Intermittent pump operation:
Level control systems are commonly employed in pumps to maintain a desired fluid level in tanks and reservoirs automatically. However, when pumps are oversized, they tend to operate more quickly and cycle on and off more frequently. This can result in a higher inrush current needed to accelerate the motor, leading to elevated temperatures and premature damage to the electric windings. The controller's lifespan may also be shortened; oversized pumps waste energy due to the higher friction losses caused by the elevated system velocities.
What can you do to make the pump more efficient?
Trim or replace the impeller.
A pump's efficiency relies heavily on its impeller, which generates fluid flow. However, an oversized impeller can cause the pump to overwork, leading to increased energy consumption and equipment damage. To address this, one solution is to trim or replace the impeller.
Trimming the impeller involves reducing the outer diameter of the vanes, resulting in lower tip speed, vane length, and fluid velocity. This reduces the pump's performance curve, moving it towards the left and downwards, resulting in optimal flow rate and head for the system's requirements.
Replacing the impeller with one of a different diameter, angle, or number of vanes is another solution. However, it's more expensive than trimming, and it's only necessary when the current impeller is too worn or damaged to be salvaged. One thing to remember when considering impeller changes is the potential increase in clearance between the impeller and the pump case, which can reduce the pump's efficiency. This is especially true for smaller-diameter impellers, so it's crucial to consult a professional and weigh the pros and cons before making any modifications.

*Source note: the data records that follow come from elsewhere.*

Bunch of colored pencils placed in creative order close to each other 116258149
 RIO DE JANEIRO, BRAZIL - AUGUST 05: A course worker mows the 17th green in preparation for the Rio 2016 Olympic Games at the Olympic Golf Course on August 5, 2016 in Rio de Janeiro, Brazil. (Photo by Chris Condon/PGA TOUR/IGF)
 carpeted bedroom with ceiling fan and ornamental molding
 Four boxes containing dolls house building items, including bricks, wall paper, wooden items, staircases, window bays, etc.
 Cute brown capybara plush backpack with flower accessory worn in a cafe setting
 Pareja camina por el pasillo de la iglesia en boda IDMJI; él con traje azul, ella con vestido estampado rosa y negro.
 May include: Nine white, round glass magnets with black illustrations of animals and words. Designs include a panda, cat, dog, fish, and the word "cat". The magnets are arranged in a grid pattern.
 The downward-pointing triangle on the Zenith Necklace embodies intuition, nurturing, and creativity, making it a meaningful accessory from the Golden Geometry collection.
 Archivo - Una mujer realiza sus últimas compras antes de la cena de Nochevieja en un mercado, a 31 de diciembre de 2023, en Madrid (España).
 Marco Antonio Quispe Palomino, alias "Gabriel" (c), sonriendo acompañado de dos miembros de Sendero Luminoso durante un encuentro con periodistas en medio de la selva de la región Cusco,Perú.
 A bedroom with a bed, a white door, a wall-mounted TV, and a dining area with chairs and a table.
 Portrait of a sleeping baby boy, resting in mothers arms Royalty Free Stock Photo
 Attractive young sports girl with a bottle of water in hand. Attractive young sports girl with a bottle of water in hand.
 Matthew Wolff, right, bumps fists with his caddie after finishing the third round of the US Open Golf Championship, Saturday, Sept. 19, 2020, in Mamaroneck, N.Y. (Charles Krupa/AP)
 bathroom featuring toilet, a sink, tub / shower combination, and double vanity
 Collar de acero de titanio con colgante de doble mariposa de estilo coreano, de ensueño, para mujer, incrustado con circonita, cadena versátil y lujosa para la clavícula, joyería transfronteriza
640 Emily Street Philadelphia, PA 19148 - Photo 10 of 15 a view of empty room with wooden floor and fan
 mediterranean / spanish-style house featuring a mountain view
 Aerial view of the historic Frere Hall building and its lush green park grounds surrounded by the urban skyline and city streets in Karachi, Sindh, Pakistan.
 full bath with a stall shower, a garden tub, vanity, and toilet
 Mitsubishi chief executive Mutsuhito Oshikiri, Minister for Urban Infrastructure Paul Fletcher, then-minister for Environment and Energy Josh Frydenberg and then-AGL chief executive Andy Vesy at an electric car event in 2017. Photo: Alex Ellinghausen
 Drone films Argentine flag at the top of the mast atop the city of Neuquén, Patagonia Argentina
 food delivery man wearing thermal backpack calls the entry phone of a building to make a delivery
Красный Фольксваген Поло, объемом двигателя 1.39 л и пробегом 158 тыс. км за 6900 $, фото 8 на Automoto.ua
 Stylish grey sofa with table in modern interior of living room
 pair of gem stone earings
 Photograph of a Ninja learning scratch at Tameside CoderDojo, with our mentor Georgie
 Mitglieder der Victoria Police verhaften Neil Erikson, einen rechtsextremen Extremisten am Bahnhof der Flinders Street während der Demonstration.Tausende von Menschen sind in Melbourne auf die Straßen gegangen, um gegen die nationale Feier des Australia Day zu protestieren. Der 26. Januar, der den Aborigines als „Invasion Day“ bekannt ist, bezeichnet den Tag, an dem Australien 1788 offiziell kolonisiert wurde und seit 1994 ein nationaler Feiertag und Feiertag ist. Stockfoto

Consider a variable frequency drive.
When dealing with highly fluctuating demand, Variable Frequency Drives (VFDs) can be a wise pump control option. These electronic circuits match the motor speed and pump performance with system requirements, allowing the VFD to adjust the pump speed in real-time without throttling or bypassing excess flow. As a result, VFD use can significantly reduce energy consumption and equipment wear and tear.
While retrofitting pumps with VFDs can be costly, they are often a worthwhile investment in systems with variable demand, where the cost savings in energy and maintenance can be substantial. However, trimming the impeller in constant speed/design point applications is likely a more effective solution than installing a VFD.
It is important to note that careful selection and installation of VFDs are crucial. A qualified professional should evaluate the system and suggest the best VFD for the application. Furthermore, it is essential to ensure that the VFD is compatible with the pump and the motor and is programmed correctly to maximize energy efficiency.
Add smaller pumps
When pumps are sized solely for peak demand, they may be too large for day-to-day operations, leading to frequent on-off cycles, high friction losses, and poor pump efficiency. One or more smaller pumps can be added to the system to handle everyday demands to avoid this issue.
These smaller pumps are designed to operate efficiently at lower flow rates and heads, thereby reducing energy consumption and maintenance costs. They can also run parallel to larger pumps, providing extra capacity when required. This approach benefits systems with varying demands, such as irrigation systems or water treatment plants.
It is essential to exercise caution when adding smaller pumps to a system. They should be carefully sized and selected to ensure compatibility with the existing system and to meet the necessary flow and head requirements. Additionally, it is recommended to consult a professional to ensure proper system design and installation.